By World War II, leaders of the Third Reich would often incorporate symbolic elements of European paganism into nationalistic ideologies to the extent that it was “relevant for them to do”, according to Dr. Matthias Nordvig, who is a professor specializing in pre-Christian Nordic mythologies at University of Colorado Boulder’s Nordic Department.
“It was more language and symbolism that could signal to the general population that we represent this thing as Germanic heritage. And they did the same thing with Christianity, and used the churches in Germany to spread their propaganda,” Nordvig said.
Still, of all the terms rooted in European paganism contained in the court filing, Odinism is the one experts today said hints most strongly at affiliations with white supremacy.
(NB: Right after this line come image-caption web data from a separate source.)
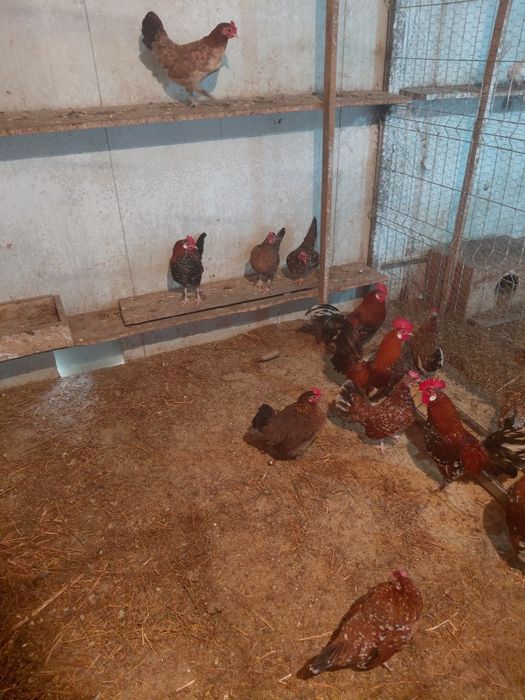 Gainusi americane de vanzare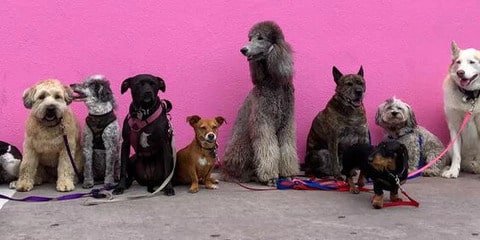 Quelle race de chien choisir ?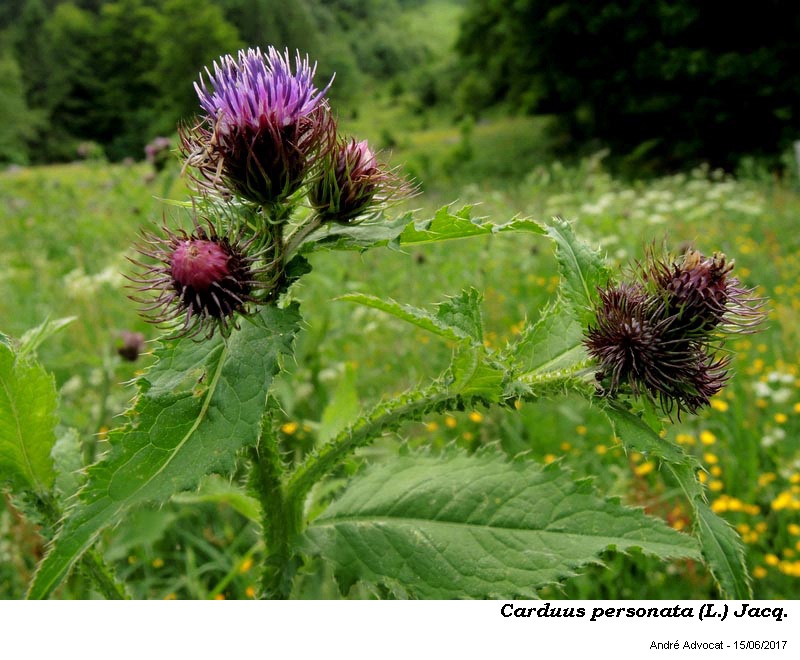 Carduus personata (L.) Jacq. #50521
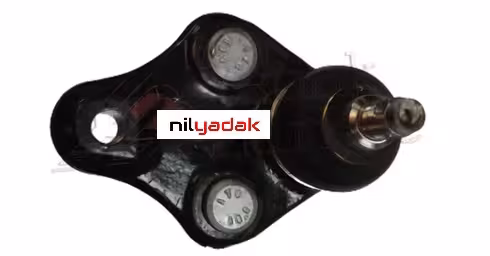 سیبک طبق شاهین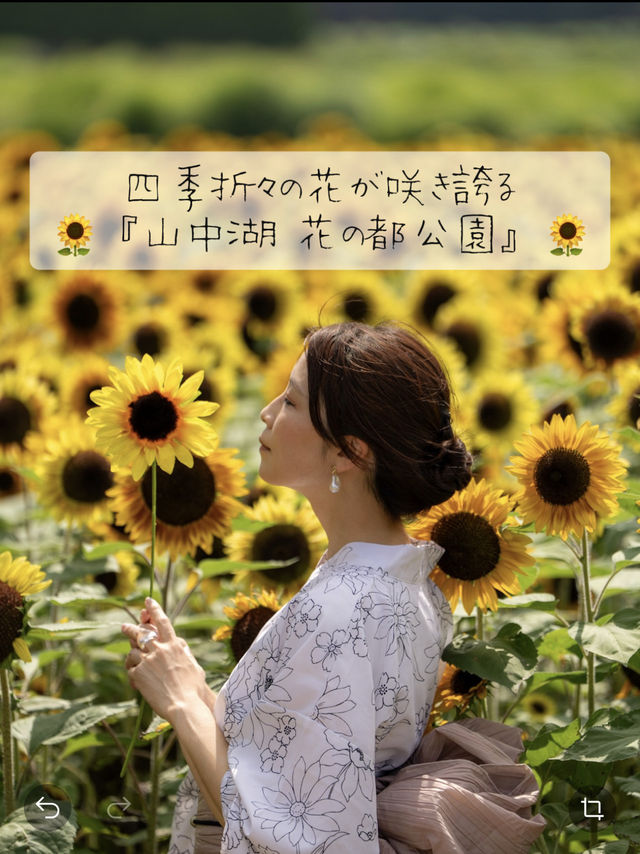 30万本のヒマワリが咲き誇る『山中湖 花の都公園』🌻🌻🌻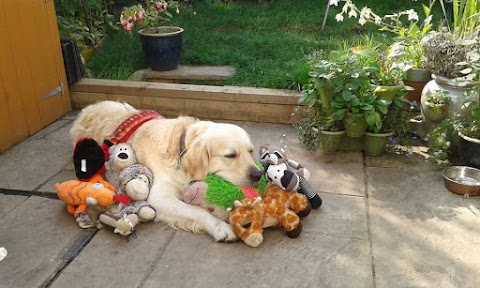 Ewell Veterinary Centre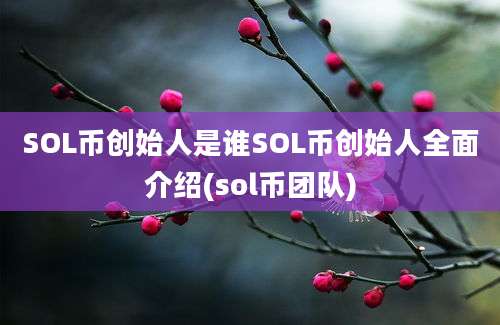 SOL币创始人是谁SOL币创始人全面介绍(sol币团队)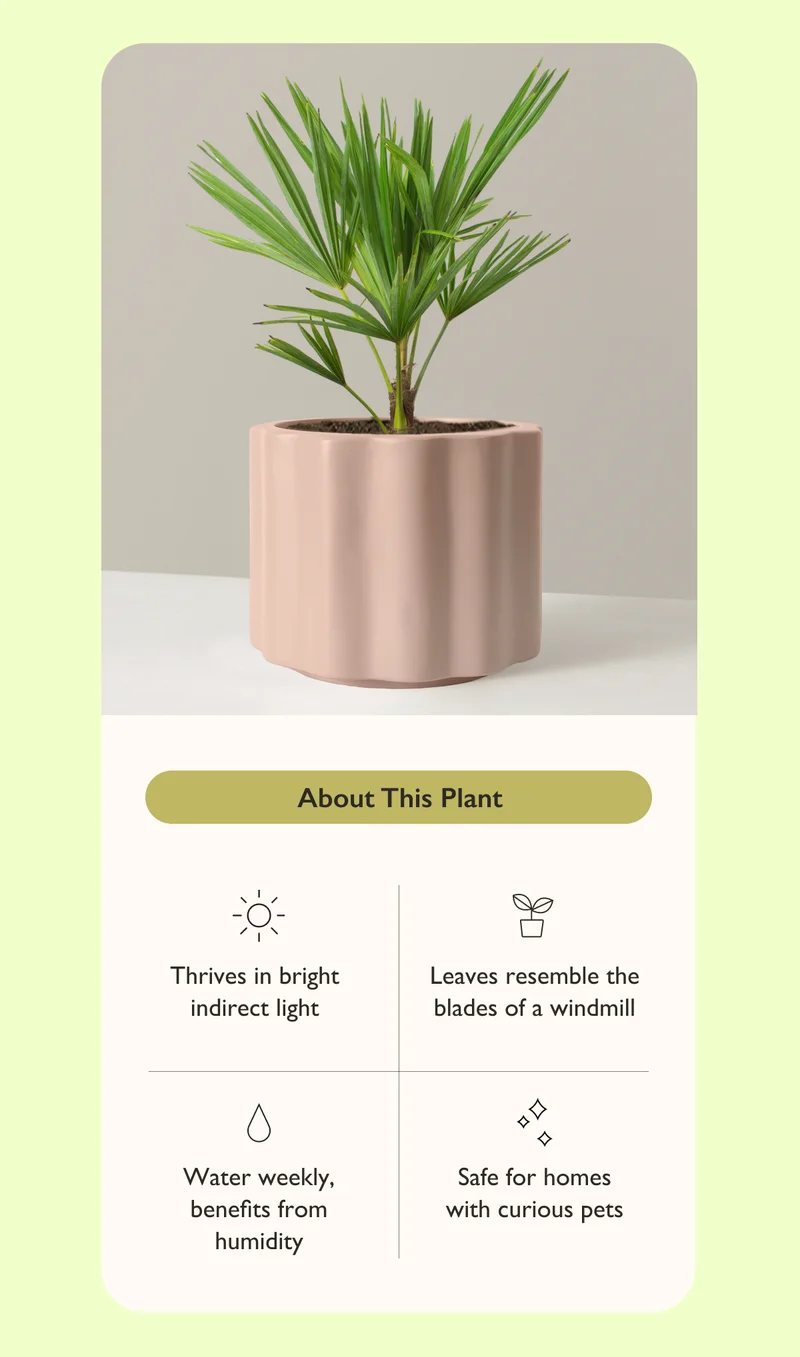 The Windmill Palm is loved for its tropical appearance. This leafy, pet-friendly palm can grow a foot a year under optmal conditions. Jungle vibes inside? Yes, please.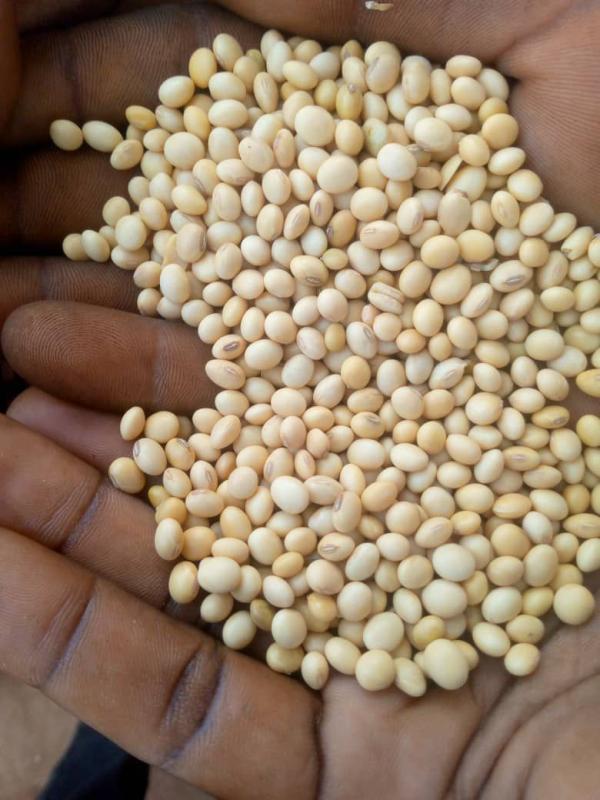  Soja Bio - roasted seeds and nuts organic soybeans from togo,  fob price-  500 per ton. payment method- cash against bl and documents of origin. delivery capacity- 1000 tons. we are looking for serious and reliable clients.  please be brief and specific in your inbox.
It is rarely used in Europe.
“There's a thing to keep in mind with Odinism. That is that has, from the beginning, been associated with the white supremacist interpretation of [Nordic paganism]. So, there are very few people who call themselves Odinists who don't admit to some level of sympathy for white supremacy,” said Nordvig.
The word "folk" or "folkish" also hints at ties to white supremacy groups.
A more complicated term is Asatrú, which also pops up in the Carroll County filing. That term refers to the general worship of Nordic gods and goddesses, and Asatrú has been officially recognized as a religion in Iceland since 1972.
In tracking whether certain groups have ties to white supremacist organizations, Nordvig said he tends to find European references to Asatrú are talkinga bout the original, European pagan belief system. Those groups are often not racist.
However, references to Asatrú in the United States are more likely to have ties to white supremacist groups. The use of the word Asatrú by white supremacists has prompted many of pagan faiths to do away with the term altogether.
“I have seen in recent years that people who identify with more liberal ideology lean towards Norse paganism as a term, and shy away from Asatrú, because as they say, it has been tainted by being co-opted by different white supremacist, and extreme right organizations. But, on the other hand, in Europe, Asatrú is the common term. In Europe, if you say Asatrú, people would not necessarily associate that with any form of extremism," Nordvig said.
Allen's attorneys claim several people with direct ties to Odinism were dismissed as potential suspects early on in the investigation without reason.
"Law enforcement’s failure to actively pursue the obvious links between the crime scene and Odinism is confounding," Allen's defense team wrote in the filing.
Allen’s defense team claimed lead investigators involved in the Delphi murder investigation consulted with a Purdue professor concerning what resembled, according to them, pagan symbols possibly Odinist in nature that were left behind at the crime scene, no later than February 2018.